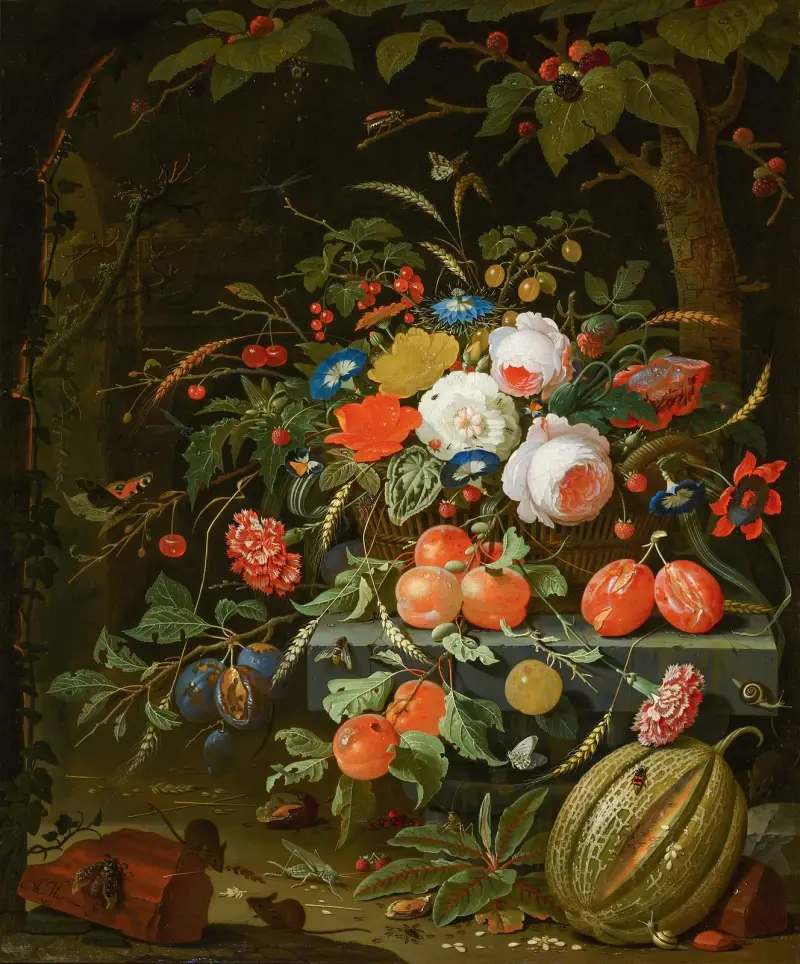Flowers and Fruit av Abraham Mignon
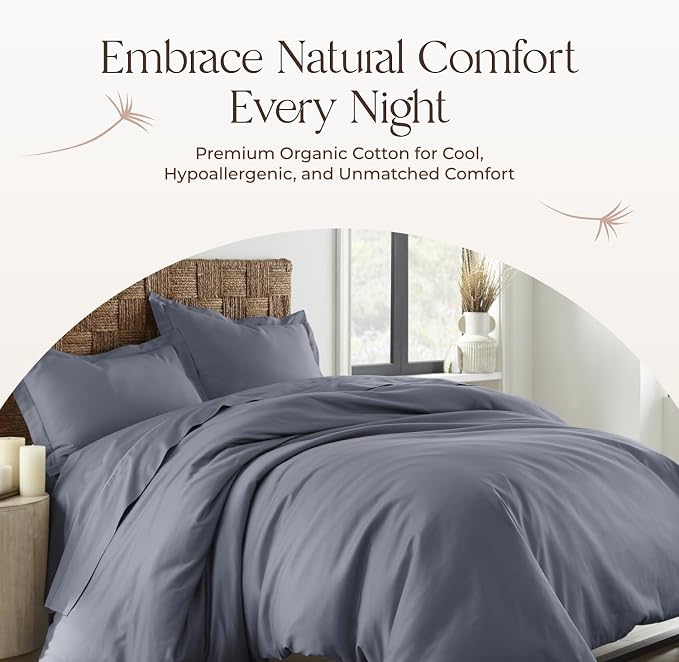 100% Organic Cotton Duvet Cover King Size - Naturally Soft Lightweight & Cooling Duvet Cover Set with Decorative Shams - Premium GOTS Certified 300 Thread Count Sateen Weave (Mineral, King)
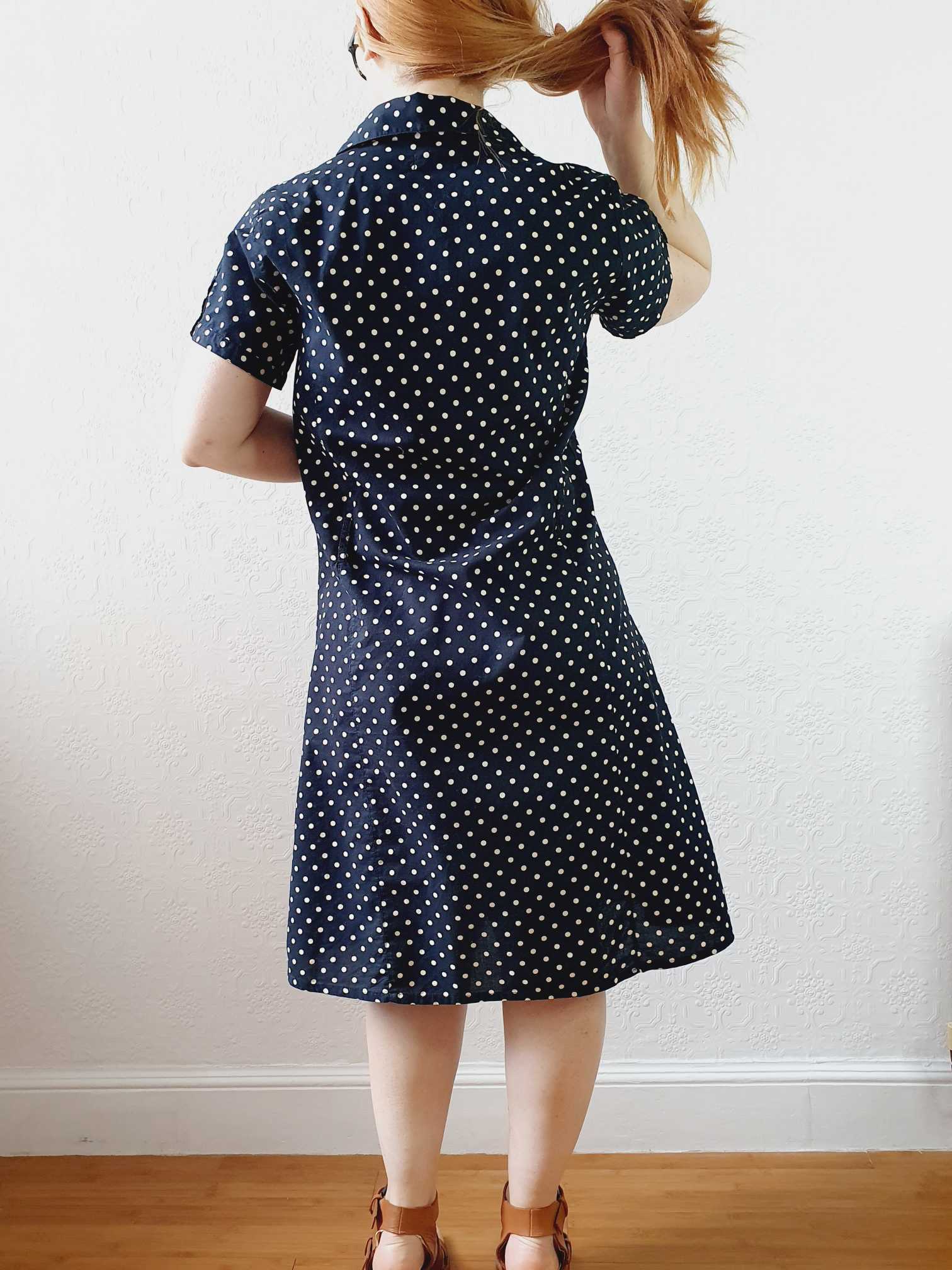 Vintage Black and White Polka Dot Short Sleeve Shift Dress - S/M - Image 10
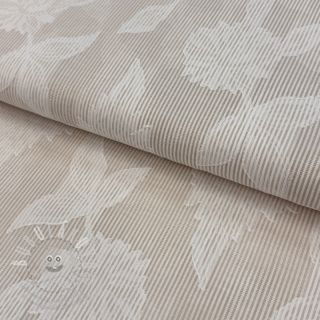 Bavlněná látka YARN DYED Stripes JACQUARD Flowers sand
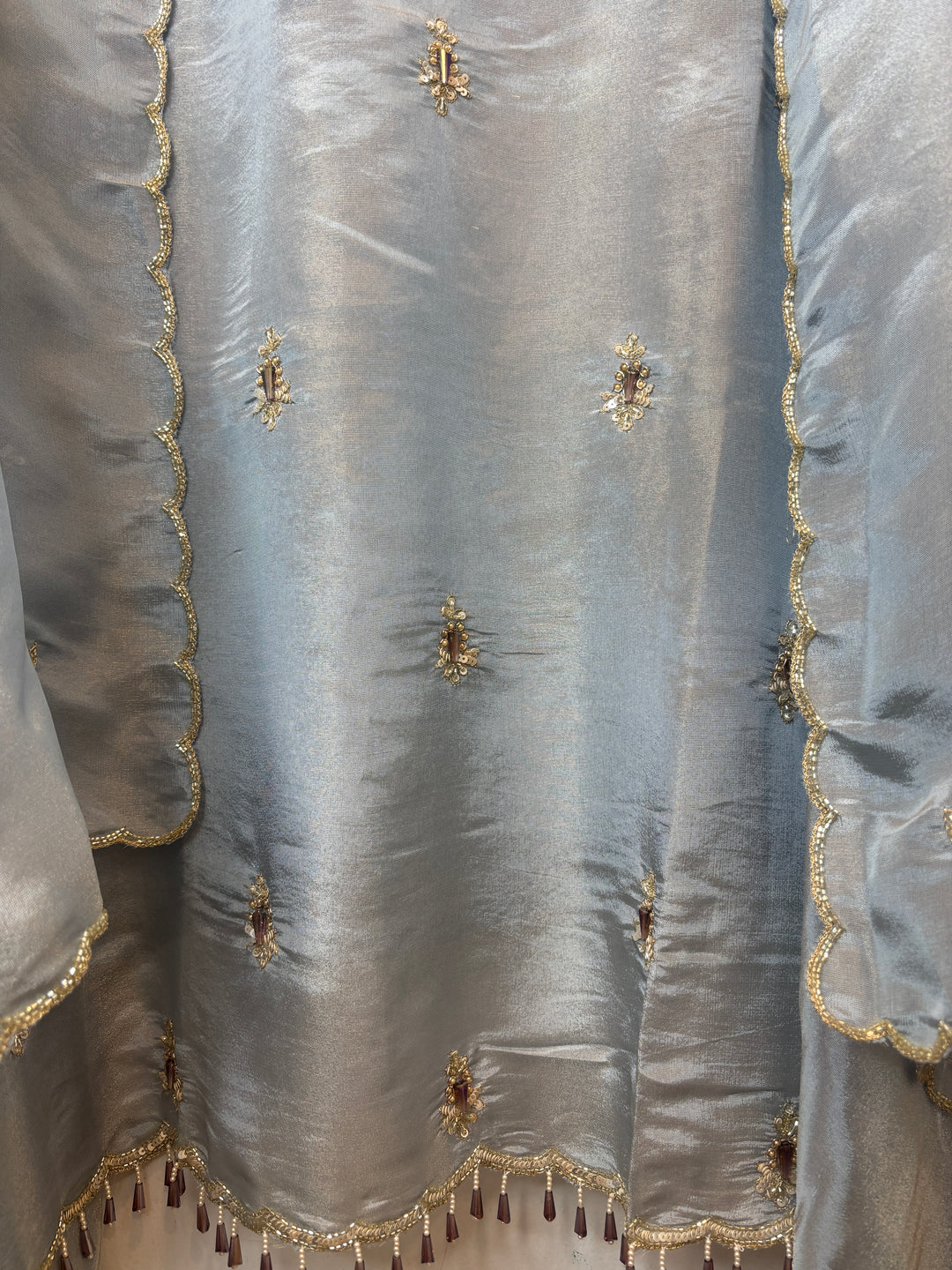 Powder Blue Tissue Handworked Suit Set with Dabka &amp; Cutdana Detailing
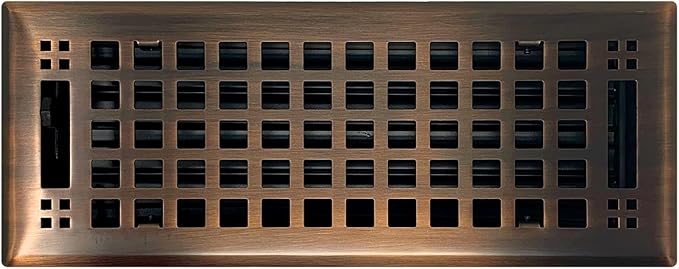 Contemporary Artisan Style Vent Cover, Solid Cast Steel Interior, Controls Air Flow, 4 x 10 inches (Overall Face: 5.25 x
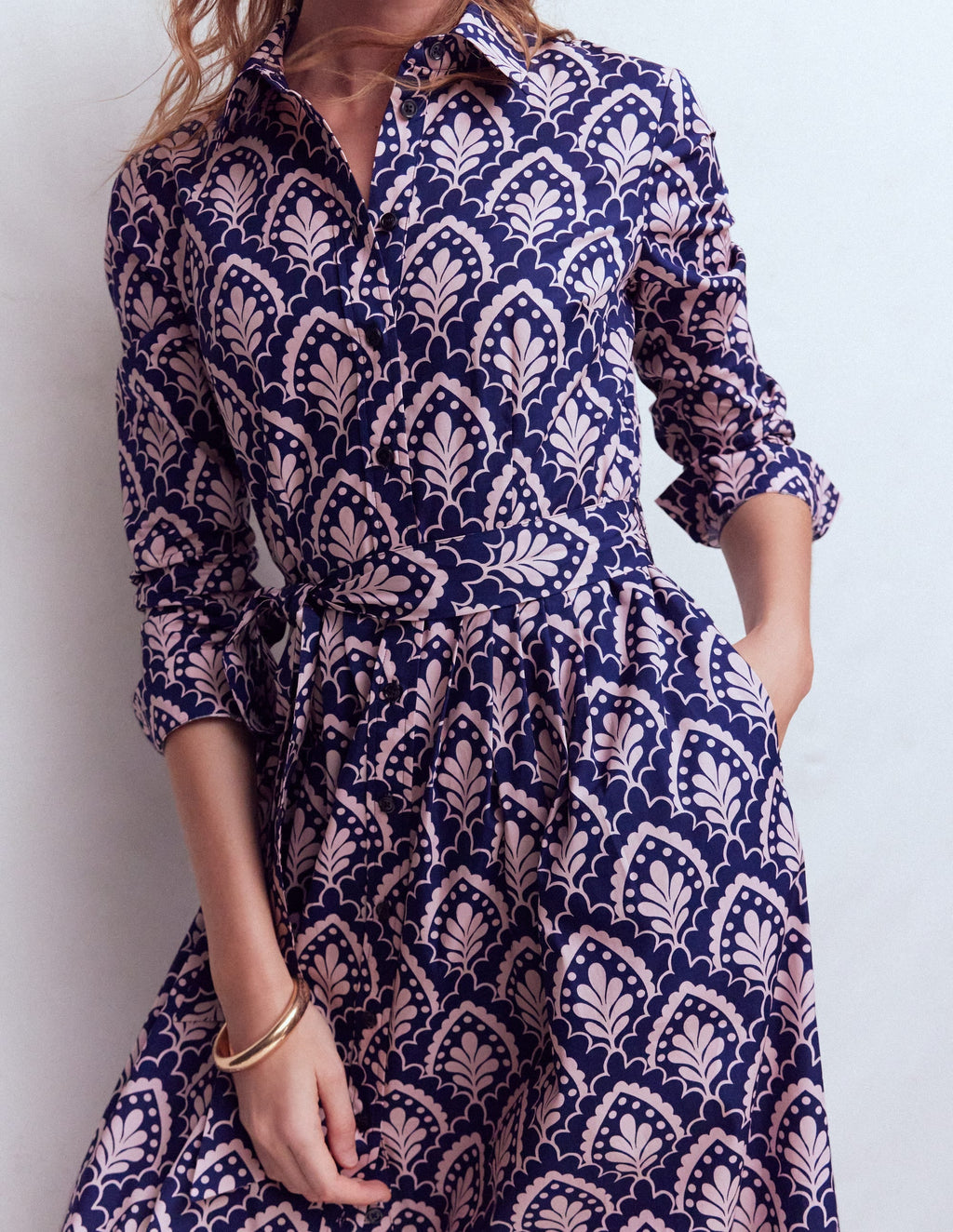 Alexa Cotton Midi Shirt Dress-Navy Petal Terrace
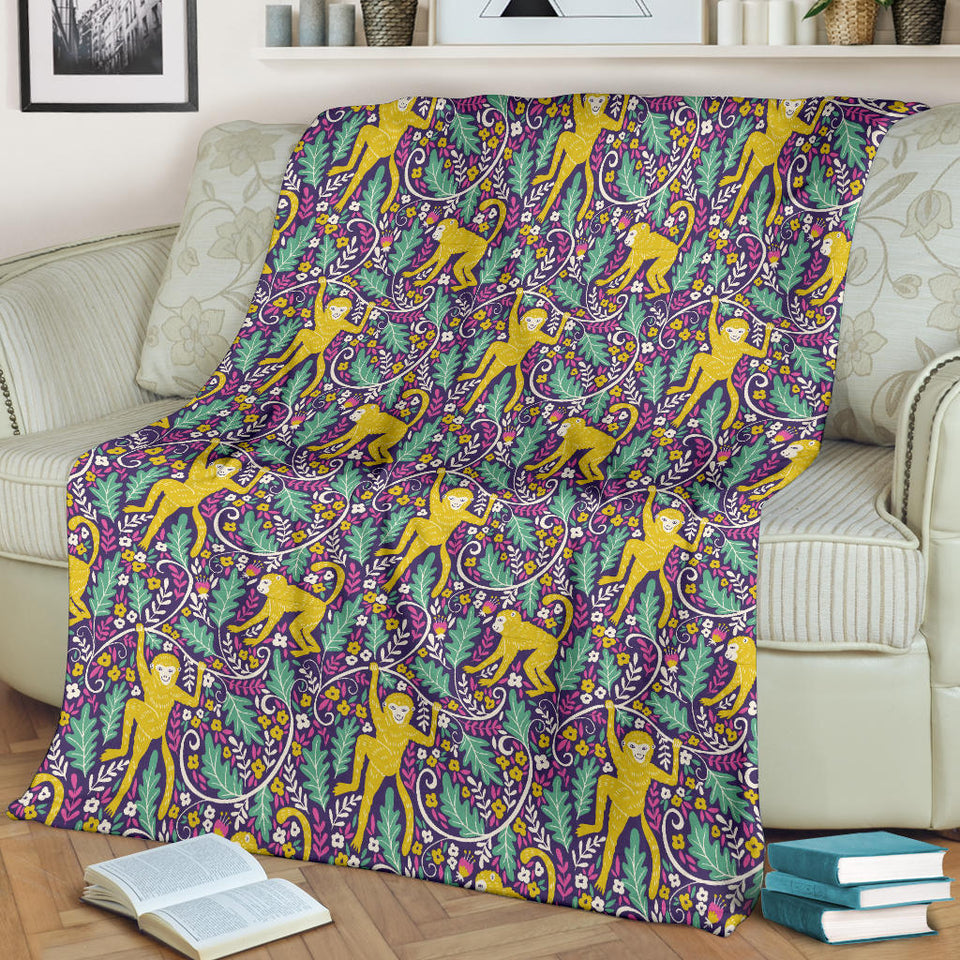 Cute Yellow Monkey Leaves Pattern Premium Blanket
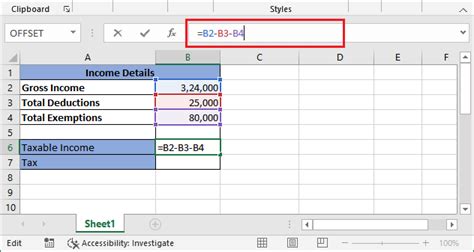 Income Tax Calculating Formula In Excel Javatpoint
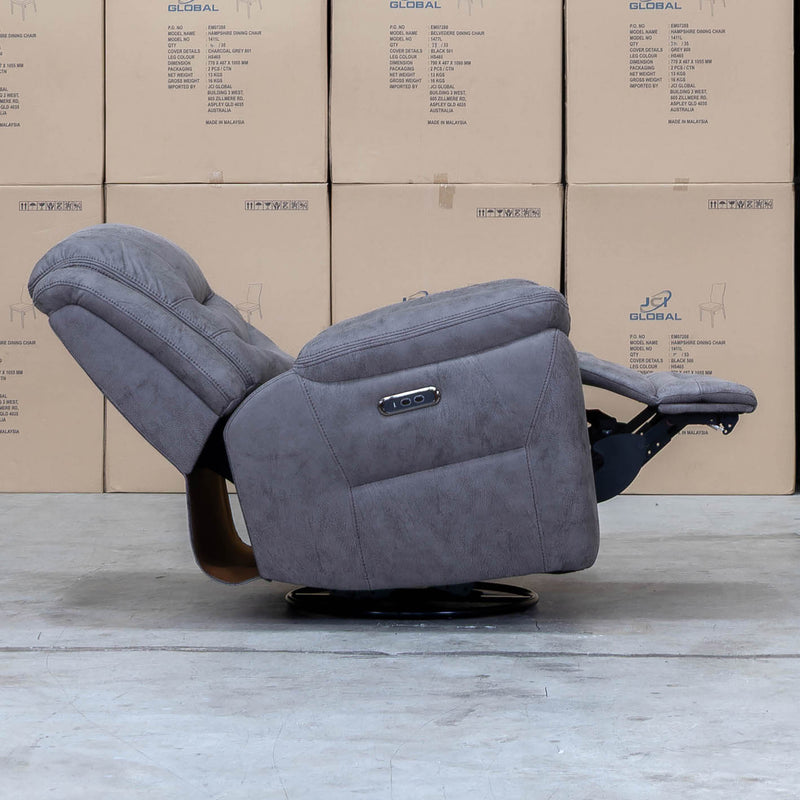 The Airlie Electric Swivel Glider Recliner - Slate available to purchase from Warehouse Furniture Clearance at our next sale event.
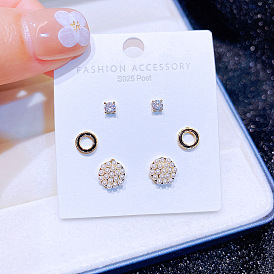 Minimalist and Stylish S925 Silver Stud Earrings Set with CZ Circle and Pearl Drops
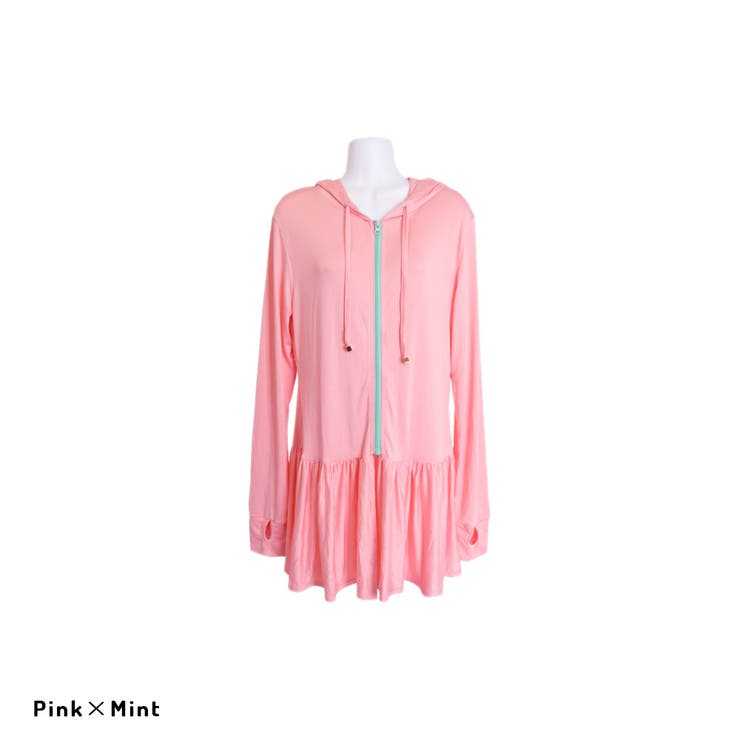 ピンク×ミント  | レディース ラフラッシュガードフリルパーカー UVカット | FashionBerry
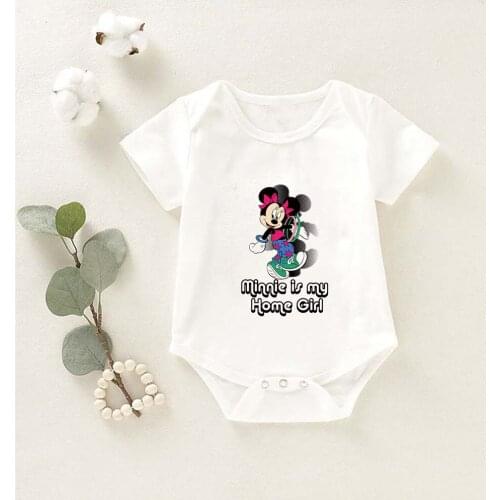 Disney Mickey Mouse Summer Baby Girls Romper Cartoon Base White Cotton Streetwear Tees Casual Short Bodysuits Kawaii Children
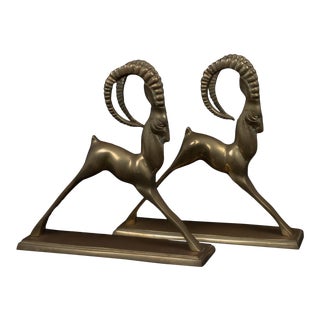 Vintage Brass Ram Bookends - a Pair For Sale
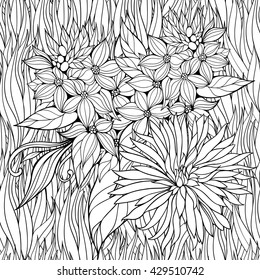 Coloring page with flowers in a grass. Seamless pattern.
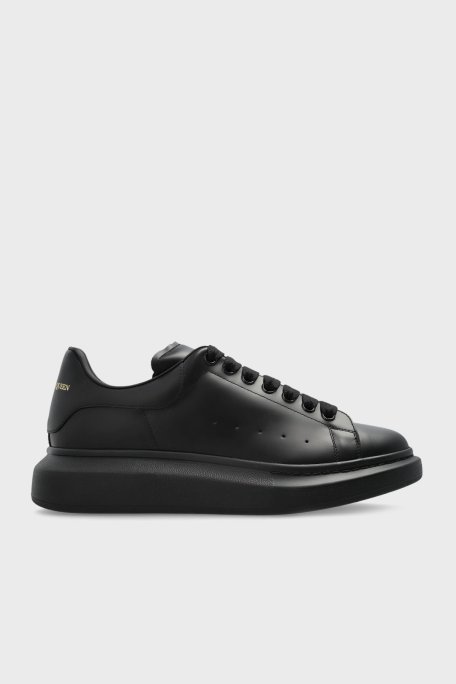 McQueen Logolu Hakiki Deri Kalın Taban Sneaker Erkek Ayakkabı 553680WWAAN 1002 SİYAH - McQueen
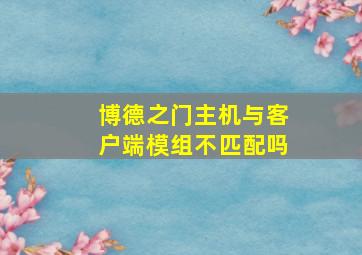 博德之门主机与客户端模组不匹配吗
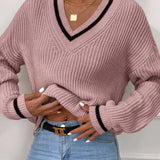 Marina | Pasiasty sweter dzianinowy z wzorem waffle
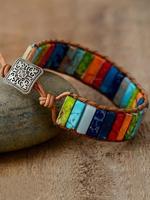 Boho Style Colorful Turquoise Stone Woven Adjustable Bracelet, Hand Chain, Fashion Jewelry for Women & Men, Daily Decorative ...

• What you have to do:
Repeat only the stretch of data above that runs from the line with "Contemporary Artisan Style" to the line with "Minimalist and Stylish". Keep both end lines; exclude pictures.

• Completed exercise:
 Contemporary Artisan Style Vent Cover, Solid Cast Steel Interior, Controls Air Flow, 4 x 10 inches (Overall Face: 5.25 x
 Alexa Cotton Midi Shirt Dress-Navy Petal Terrace
 Cute Yellow Monkey Leaves Pattern Premium Blanket
 Income Tax Calculating Formula In Excel Javatpoint
 The Airlie Electric Swivel Glider Recliner - Slate available to purchase from Warehouse Furniture Clearance at our next sale event.
 Minimalist and Stylish S925 Silver Stud Earrings Set with CZ Circle and Pearl Drops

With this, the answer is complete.